Чайковский в своем либретто сделал хрестоматийный внутренний монолог "Мой дядя самых честных правил…", с которого начинается "Евгений Онегин", рассказом: Евгений все это излагает Татьяне при первой встрече. Притом в партитуре на словах "Но боже мой, какая скука с больным сидеть и день, и ночь, не отходя ни шагу прочь!" стоит f — forte. Андрей Бондаренко понял указание "громко" буквально, в этой фразе экспрессивно повысив голос. Допустим, отличный баритон Бондаренко романа Пушкина не читал. Но режиссер–то должен был ему объяснить, что на самом деле герою вовсе не пришлось сидеть с больным, как он боялся, потому нет никаких оснований для столь яростной жалобы на скуку, это просто светская беседа с девушкой.

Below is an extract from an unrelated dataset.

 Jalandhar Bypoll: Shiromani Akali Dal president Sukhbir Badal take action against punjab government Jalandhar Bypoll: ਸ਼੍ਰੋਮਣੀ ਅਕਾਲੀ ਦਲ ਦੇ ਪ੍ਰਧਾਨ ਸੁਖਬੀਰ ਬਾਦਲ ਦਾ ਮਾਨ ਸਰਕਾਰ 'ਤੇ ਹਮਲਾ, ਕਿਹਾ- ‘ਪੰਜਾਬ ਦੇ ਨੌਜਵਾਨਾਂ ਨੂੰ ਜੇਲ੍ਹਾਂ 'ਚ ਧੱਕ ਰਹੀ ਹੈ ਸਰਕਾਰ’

Однако у режиссера Алексея Степанюка другие заботы, нежели попечение об элементарной психологической правде. Ему, по его собственной декларации, "важна тема конфликта Запада с Россией. Может быть, в какой–то мере Татьяна и Онегин символизируют два этих полярных мира… Поначалу Россия терпит поражение и несет духовные, материальные и человеческие потери, а потом, в какой–то момент, она собирает свои силы, природные и моральные ресурсы и воскресает".
Как этот шалый бред реализован в сценическом тексте? Никак. Потому что сценического текста, в котором реализуется цельное развернутое режиссерское высказывание, нет. А есть рутинная разводка, на каковой набили руку ремесленники, десятилетиями подвизающиеся в Мариинском театре. К этой когорте принадлежит и господин Степанюк. Художник Александр Орлов по делу использует технические возможности Новой сцены, в частности соединив раздвижной и подъемный занавесы. Они идут одновременно, образуя своего рода диафрагму в объективе: в темной плоскости поначалу вырезается маленький световой прямоугольник, он раздвигается до всего зеркала сцены — очень выразительно, будто нам открывают окно в другой мир. Так вот, начало картины письма идет "концертно" — перед занавесом, а когда тот расходится, Татьяна (не стоять же ей на месте) бежит по занимающим всю ширь ступеням, усыпанным яблоками. Есть стол — вскакивает на стол, качели — и на них недурно покачаться, так немаленький хронометраж музыки мизансценически и освоили.
Или на балу в Петербурге во время знаменитого (и довольно длинного) полонеза надо ведь что–то делать — гости на заднем плане, за черными колоннами и сказочной красоты черно–золотыми вазами на постаментах, двигаются в рапиде, а впереди старуха графиня из "Пиковой дамы" (или фея Карабос из "Спящей красавицы" — какая разница, все одно Чайковский) наступает на Онегина, испытующе глядит ему в глаза… Что это значит? Да всего лишь то, что нынче разводки мало, должна быть видна режиссура, по возможности "концептуальная", а то вроде как и не модно. Или вот, к примеру, когда Онегин застрелил Ленского, monsieur Guillo, взятый им в секунданты, со страху решил драпануть, а Зарецкий его за полу хвать! Зачем ему онегинский камердинер? Ни за чем, зато мизансцена оживилась.
А уж как она оживилась, когда Ленский, спев положенное "Я люблю вас, Ольга", декларируемое чувство тут же принялся реализовывать, завалив Ольгу в стог сена, хорошо хоть старушка Ларина вовремя вернулась!
Этой безвкусице и глупости противостоит стильная умная работа оркестра Валерия Гергиева. Такой же она была и 12 лет назад в "Онегине" режиссеров Моше Ляйзера и Патриса Корье. Остается лишь сожалеть, что тот прекрасный спектакль, как водится в Мариинке, быстренько погубили. Чтобы вместо него воздвигнуть нынешнюю ерунду.